Using the listing below, set down exactly the lines from the one that contains "Webcam-Bild: Aussicht vom" through the one that contains "Heart Rock Hike", with no pictures.

## DATA

--*--

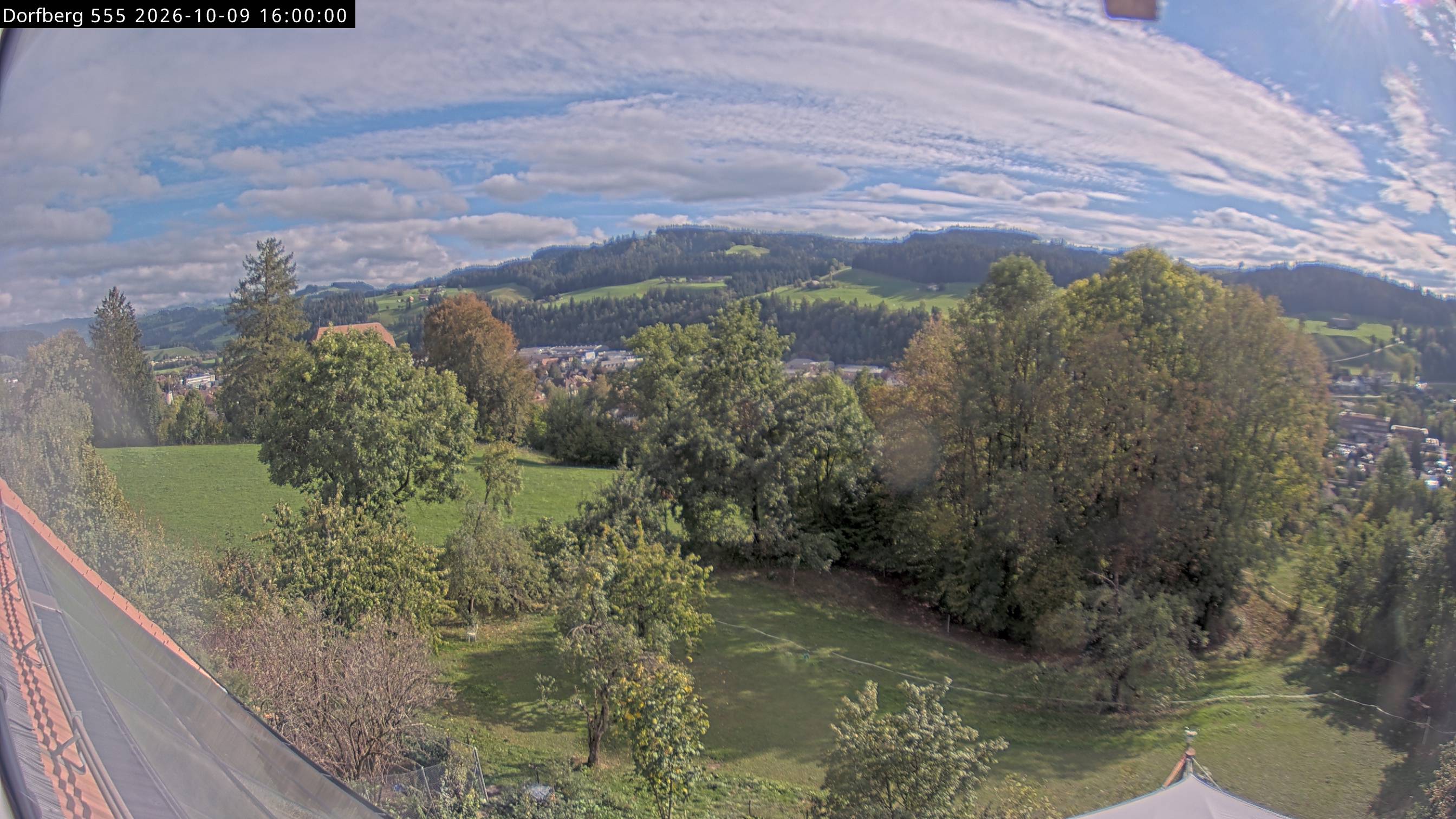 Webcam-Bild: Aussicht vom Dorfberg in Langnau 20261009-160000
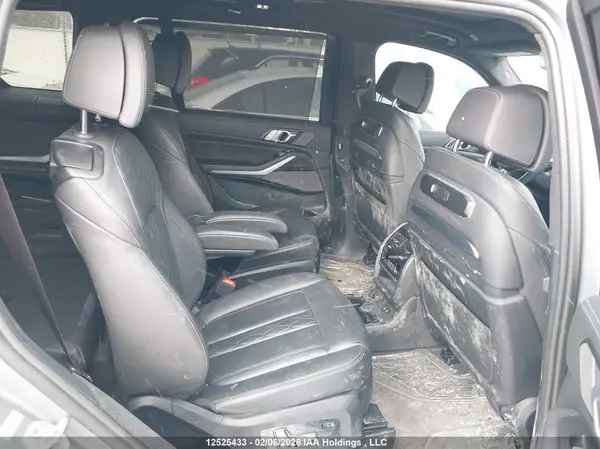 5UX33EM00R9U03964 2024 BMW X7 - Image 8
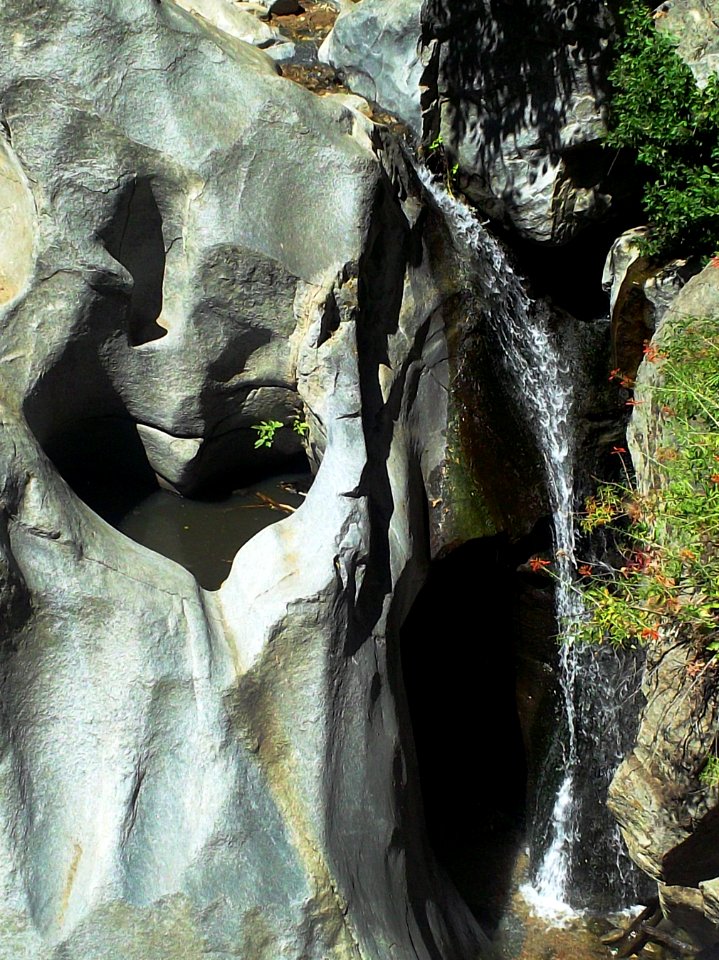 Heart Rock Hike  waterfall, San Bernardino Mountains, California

--*--

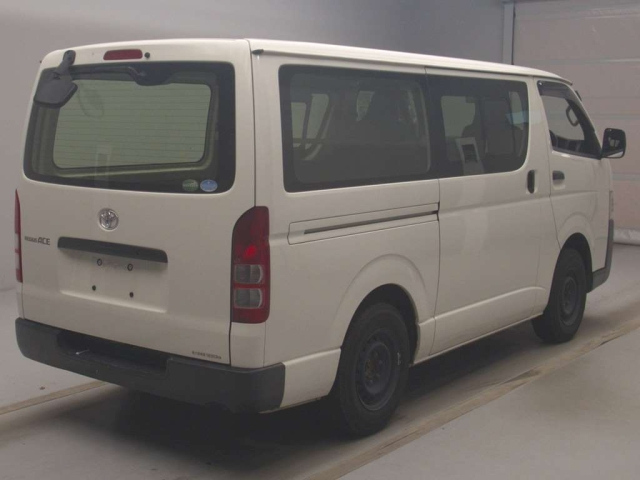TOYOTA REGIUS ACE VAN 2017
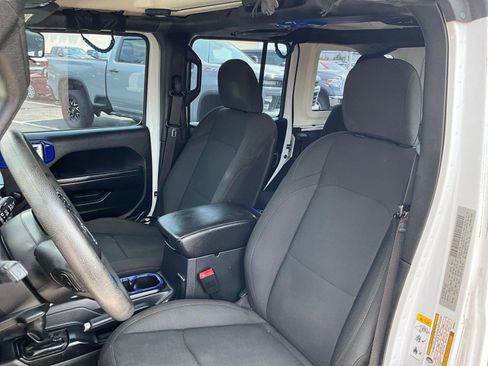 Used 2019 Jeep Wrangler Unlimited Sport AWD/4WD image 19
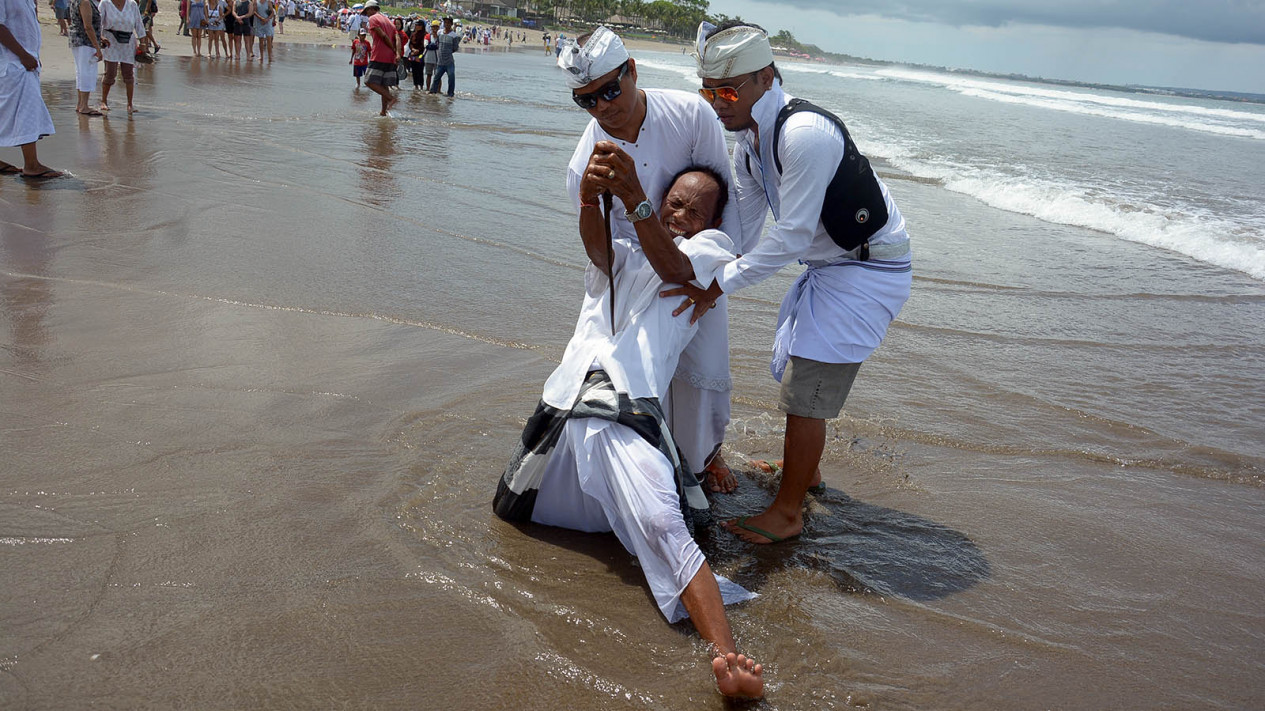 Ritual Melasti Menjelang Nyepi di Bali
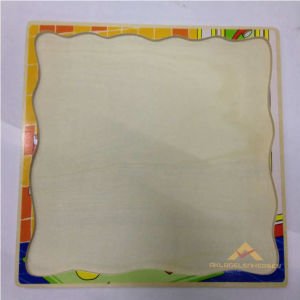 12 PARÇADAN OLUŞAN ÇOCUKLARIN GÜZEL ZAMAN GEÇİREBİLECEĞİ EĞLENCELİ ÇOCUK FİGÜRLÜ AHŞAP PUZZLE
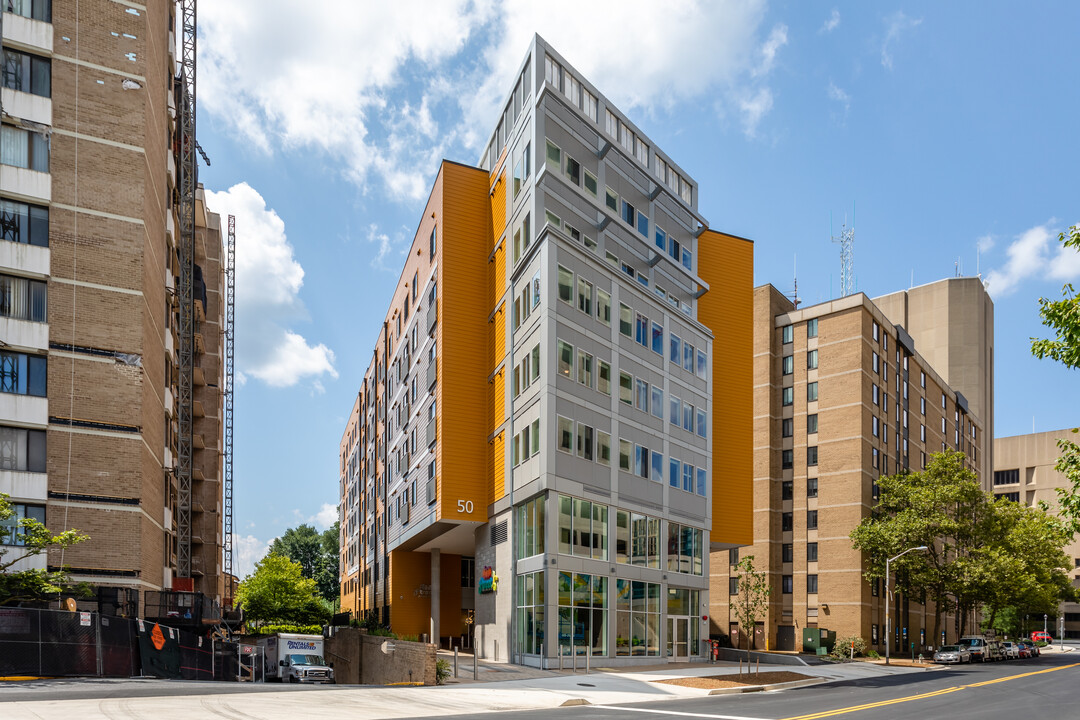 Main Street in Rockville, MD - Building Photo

--*--

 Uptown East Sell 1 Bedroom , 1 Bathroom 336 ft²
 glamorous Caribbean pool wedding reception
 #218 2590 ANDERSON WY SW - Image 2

--*--

## RESPONSE FOR THIS EXERCISE
 Webcam-Bild: Aussicht vom Dorfberg in Langnau 20261009-160000
 5UX33EM00R9U03964 2024 BMW X7 - Image 8
 Heart Rock Hike  waterfall, San Bernardino Mountains, California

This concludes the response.